Too often group games are simply skirmishes and formalities before the serious business begins in the knockout games. The cutting edge of competition is too often absent, which may result in more coaches following Ferguson's lead, safe in the knowledge there is time to recover from any unexpected slips.
This meeting between Manchester United and the champions of Scotland was not even a sell-out. Almost unthinkable in days gone by.
Ferguson, to his credit, refused all opportunities to criticise the lovingly-crafted negativity that Smith and his Rangers side brought to Old Trafford. And he was right to do so.
Even the atmosphere was subdued, shaped from the opening moments by the certain knowledge that a war of attrition was about to develop into a full-scale game of attack against defence for 74,000 observers.
Smith almost apologised for his team's approach, blaming the huge financial disparity between clubs competing in the Champions League for a damage limitation - in this instance, damage avoidance - approach.
"Scottish teams are not in the position we were once in, where we could compete to sign the best players in the British Isles, so we have to find a way to nullify the opposition as best as we can," he explained.
"It's down to a manager to try to find a way. Unfortunately, in any walk of life it is easier to stop someone doing something than it is to actually create it.
"We don't feel proud of the fact that we are doing it but there is nothing else left for us."
This was one of the few things Smith got wrong. He had every right to feel proud of his players - the Rangers fans who applauded each block and tackle certainly did.
David Weir and Madjid Bougherra were magnificent in defence, while every Rangers man carried out Smith's orders with such diligence that goalkeeper Allan McGregor was almost untroubled in the face of ceaseless United possession. It was a disciplined performance, too, with only 11 fouls committed.
And rarely can a striker have travelled so far in a match without ever having the ball as Kenny Miller, isolated from his colleagues throughout but given a standing ovation from those gathered in Old Trafford's East Stand simply for running himself to a standstill.
Ferguson insisted Rangers will find it more difficult to take this approach at Ibrox - but he may also feel the need to select a better Manchester United side to combat them.
United's night of labour and frustration was compounded by the dreadful injury to Antonio Valencia, who fractured his ankle in an innocuous collision with Kirk Broadfoot and will miss the rest of the season.
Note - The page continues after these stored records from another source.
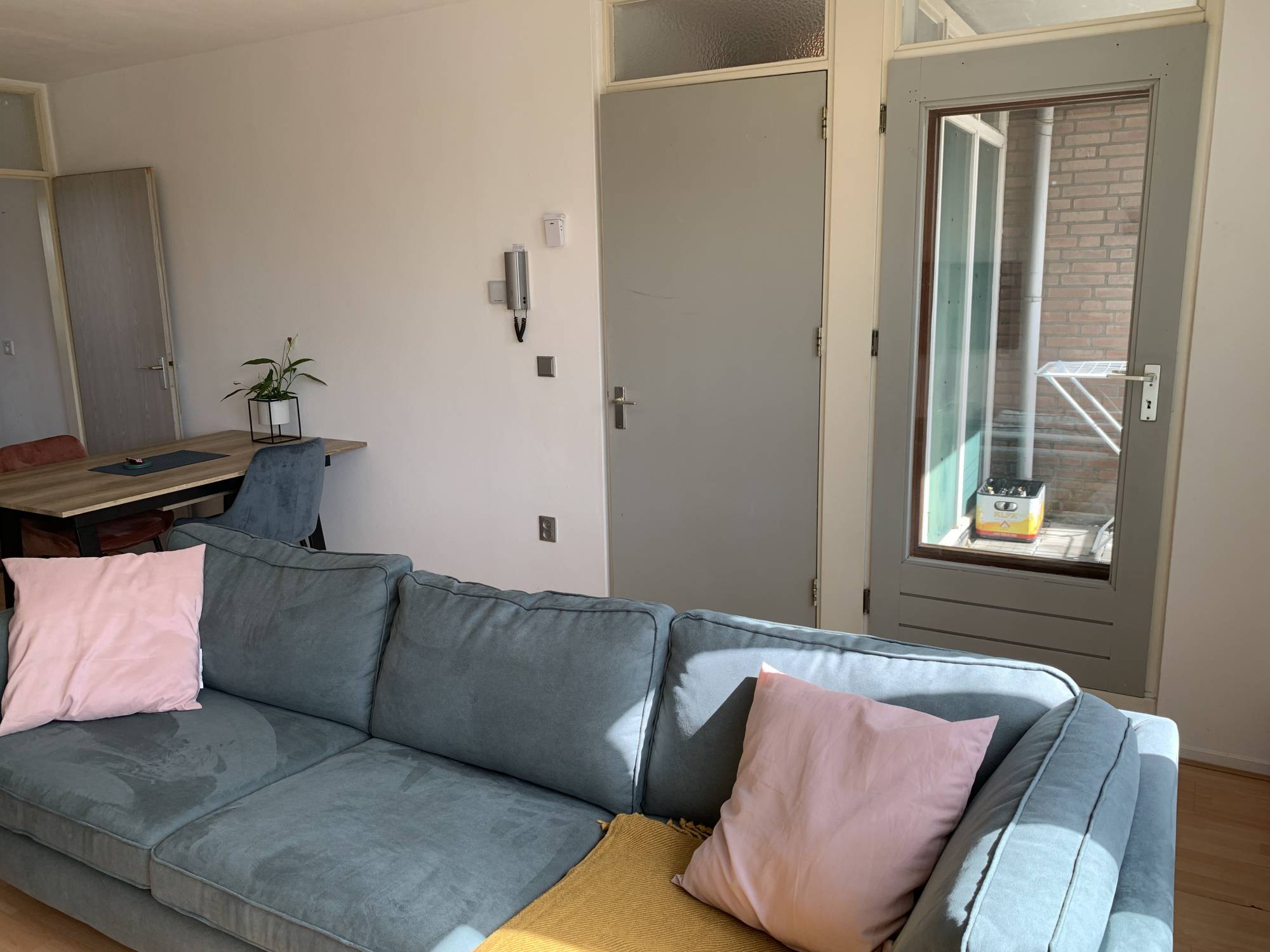 Woning te huur: Rumpenerstraat, Brunssum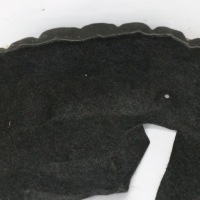 фото thumb №11, Mercedes r172 лівий задня підкрилок a1726900400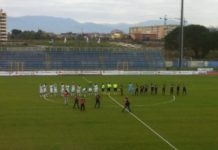 Lupa Roma-Savoia 2-2: buon punto per i bianchi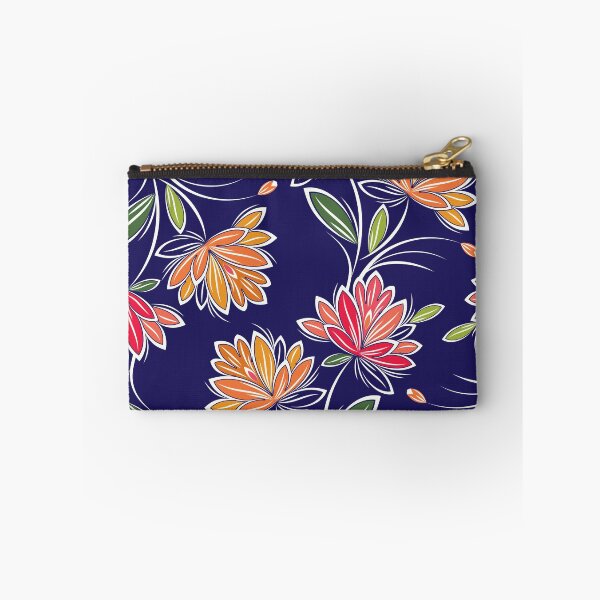 Item preview, Seamless textile floral pattern designed and sold by ketkidesign.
United are left to reflect on a missed opportunity. Photo: AP
Ferdinand's return to senior action after the knee injury that ended his World Cup before it began amounted to little more than a toning up exercise, while the recalled Rooney cut a listless figure and was as bereft of ideas as the rest of his United colleagues by the time the curtain came down.
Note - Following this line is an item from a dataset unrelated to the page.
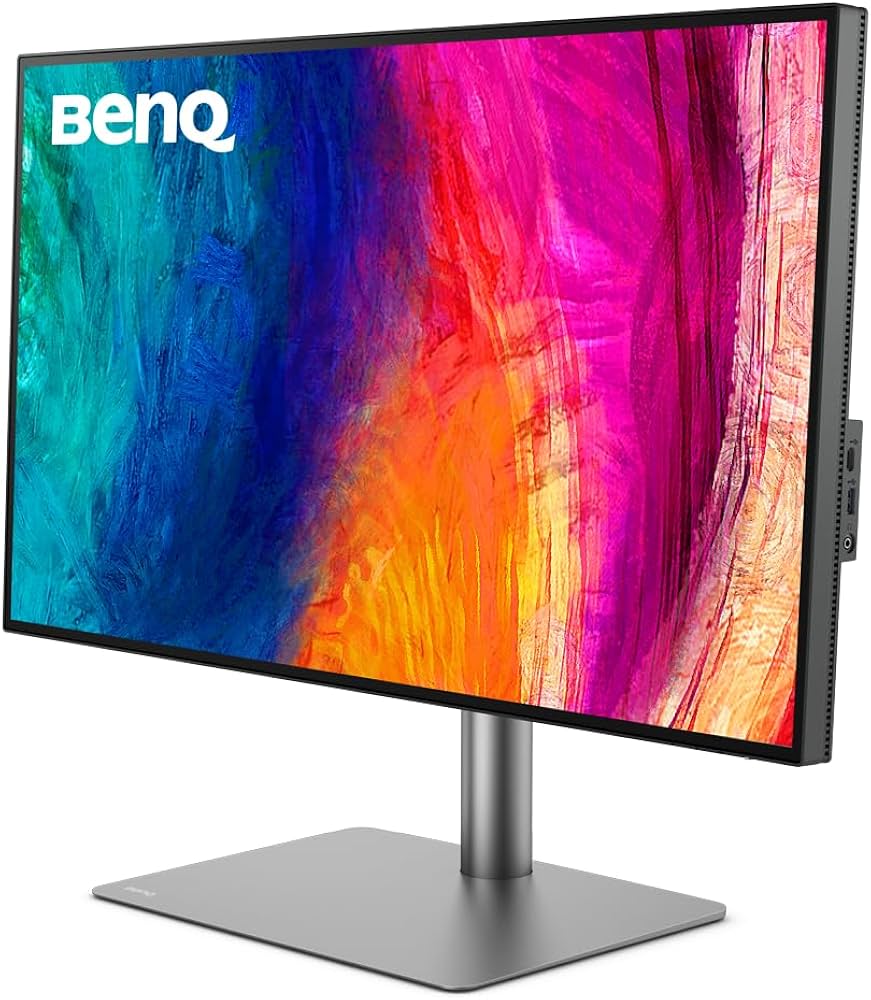 BenQ Pd3220U 32 Inch Designer Professional Monitor With 31.5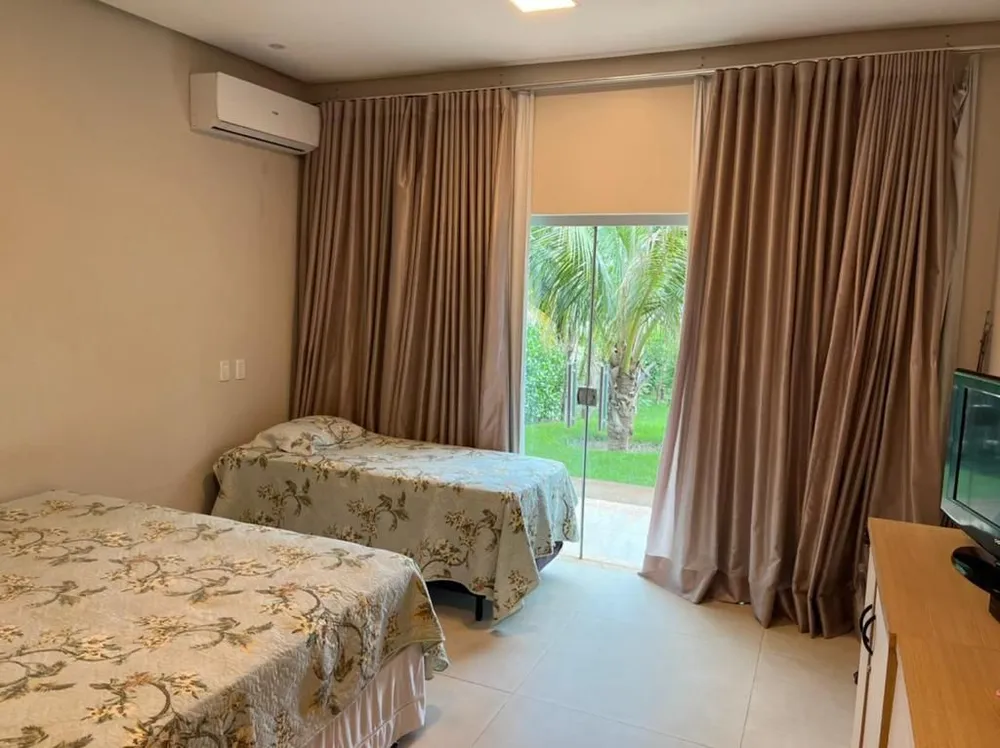 Chácara, 6 quartos, 5000 m² - Foto 10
For Rangers, this was night that gave them honour. The purists may sniff, Lionel Messi's "anti-football" jibes may be revisited by some in search of cheap shots - but this was a job wonderfully done and orchestrated by a manager who manipulated his resources better than his opposite number.
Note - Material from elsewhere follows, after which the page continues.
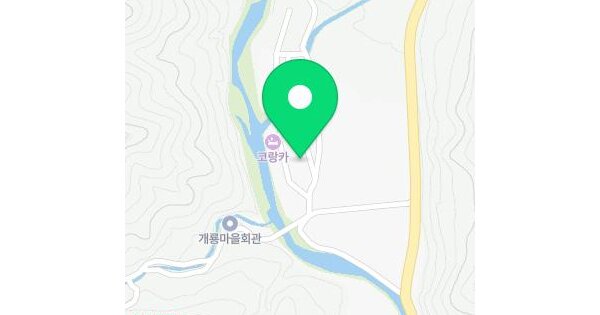 전라남도 광양시 봉강면 신룡리 205-12  미지정 경매 물건 이미지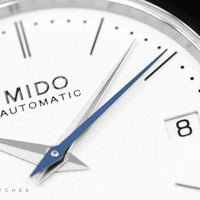 Baroncelli Heritage Lady - Leather Ref. M027.207.16.010.00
The only serious pressure Ferguson was able to apply on Rangers was via a public pre-order, delivered in his programme notes, for coach Ian Durrant to produce a bottle of Australia's finest Penfolds Grange wine in time for the return meeting at Ibrox.
Smith and his men deserved a toast on Tuesday - but there was also a warning for Uefa that the Champions League champagne may be in danger of losing some of its sparkle.